31 “If I testify about myself, my testimony is not true. 32 There is another who testifies on my behalf, and I know that his testimony to me is true. 33 You sent messengers to John, and he testified to the truth. 34 Not that I accept such human testimony, but I say these things so that you may be saved. 35 He was a burning and shining lamp, and you were willing to rejoice for a while in his light. 36 But I have a testimony greater than John’s. The works that the Father has given me to complete, the very works that I am doing, testify on my behalf that the Father has sent me. 37 And the Father who sent me has himself testified on my behalf.

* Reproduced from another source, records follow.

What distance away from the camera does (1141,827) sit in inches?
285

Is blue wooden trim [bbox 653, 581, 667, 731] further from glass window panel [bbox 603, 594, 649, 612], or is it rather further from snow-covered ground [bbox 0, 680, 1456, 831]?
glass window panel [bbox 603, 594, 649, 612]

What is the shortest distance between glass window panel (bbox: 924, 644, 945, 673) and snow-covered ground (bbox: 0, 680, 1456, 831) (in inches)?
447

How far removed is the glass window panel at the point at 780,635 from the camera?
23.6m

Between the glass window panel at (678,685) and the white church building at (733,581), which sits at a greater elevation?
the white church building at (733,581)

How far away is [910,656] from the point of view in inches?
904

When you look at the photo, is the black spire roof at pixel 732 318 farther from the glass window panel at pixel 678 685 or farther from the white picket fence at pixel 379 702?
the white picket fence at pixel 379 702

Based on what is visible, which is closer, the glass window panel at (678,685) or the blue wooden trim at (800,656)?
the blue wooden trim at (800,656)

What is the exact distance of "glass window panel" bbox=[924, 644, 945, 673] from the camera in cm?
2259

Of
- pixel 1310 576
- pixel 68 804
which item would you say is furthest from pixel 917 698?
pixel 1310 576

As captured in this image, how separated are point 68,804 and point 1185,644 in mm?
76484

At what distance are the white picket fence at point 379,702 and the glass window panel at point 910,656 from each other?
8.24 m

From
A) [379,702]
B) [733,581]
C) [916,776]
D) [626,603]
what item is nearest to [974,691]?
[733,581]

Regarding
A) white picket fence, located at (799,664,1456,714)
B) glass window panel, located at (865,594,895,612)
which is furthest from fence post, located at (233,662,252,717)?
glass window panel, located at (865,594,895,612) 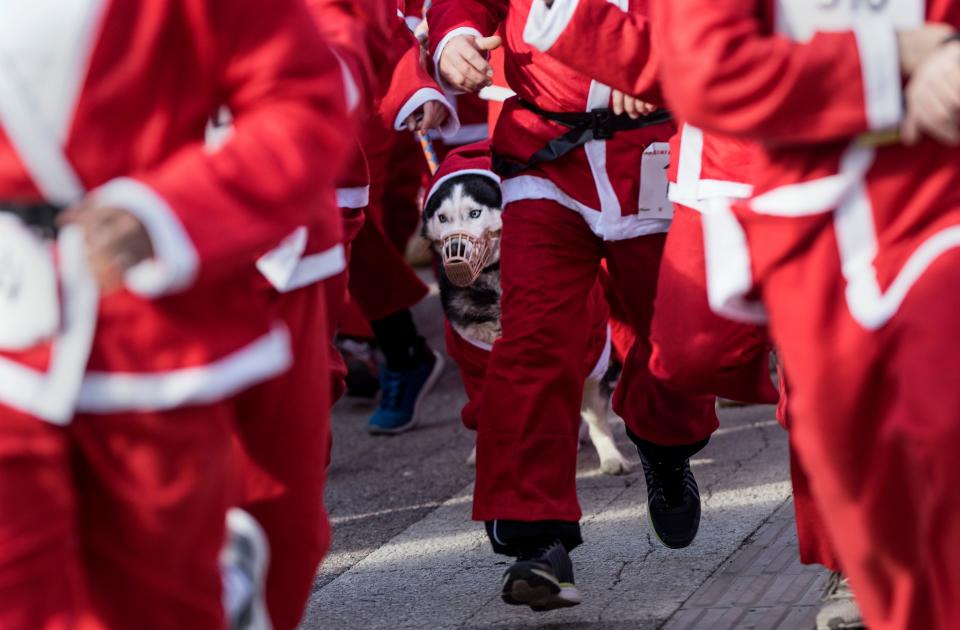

You have never heard his voice or seen his form, 38 and you do not have his word abiding in you, because you do not believe him whom he has sent.
39 “You search the scriptures because you think that in them you have eternal life; and it is they that testify on my behalf. 40 Yet you refuse to come to me to have life. 41 I do not accept glory from human beings. 42 But I know that you do not have the love of God in you. 43 I have come in my Father’s name, and you do not accept me; if another comes in his own name, you will accept him. 44 How can you believe when you accept glory from one another and do not seek the glory that comes from the one who alone is God? 45 Do not think that I will accuse you before the Father; your accuser is Moses, on whom you have set your hope. 46 If you believed Moses, you would believe me, for he wrote about me. 47 But if you do not believe what he wrote, how will you believe what I say?”
Welcome to argumentative Jesus, who we’ll see off and on for the next three chapters, I’m afraid. Consider yourself warned. My primary image of Jesus isn’t as a rabbinic debater, but that’s exactly the side of him John shows us in significant portions of chapters 5 through 8.
As a reminder, Jesus was spurred into this line of conversation when his encounter with a disabled outcast radically changed that man’s life for good, but the local religious conservatives were offended by the time of the week Jesus helped him.
I pick up on two themes here that speak to me today. We choose our truth. And we choose our judge.
We choose our truth.
Jewish law governed valid testimony in discerning truth claims. If you had something important to say, or a case to adjudicate, you couldn’t testify on your own behalf, but needed two Jewish men to testify for you. Jesus says he doesn’t need people to back him up, but that John (the baptizer we met in Chapter 1) spoke on his behalf, and that he’s got two more witnesses – the awesome things he’s doing, and God himself.
So John, God, and his actions. Jesus plays a little fast and loose with the whole “two people” requirement, but he doesn’t seem to care. Listen to him or not. Read your Bible if you want to look there, but it’s possible you could hit a dead end there. Choose your truth, but see if Jesus can give you more life.
Meanwhile, we also choose our judge, the authority or standard for our lives. In the case of this dispute, Jesus finds irony in his adversaries appealing to the Mosaic law, given that Jesus thinks Moses points to him. That said, Jesus isn’t eager to accuse anybody. He is eager to love and save and give life.
What positive or negative experiences do you have with discovering truth or with authority that judges you?
What hopes do you have for deeper truth or better judgement that you could ask Jesus for?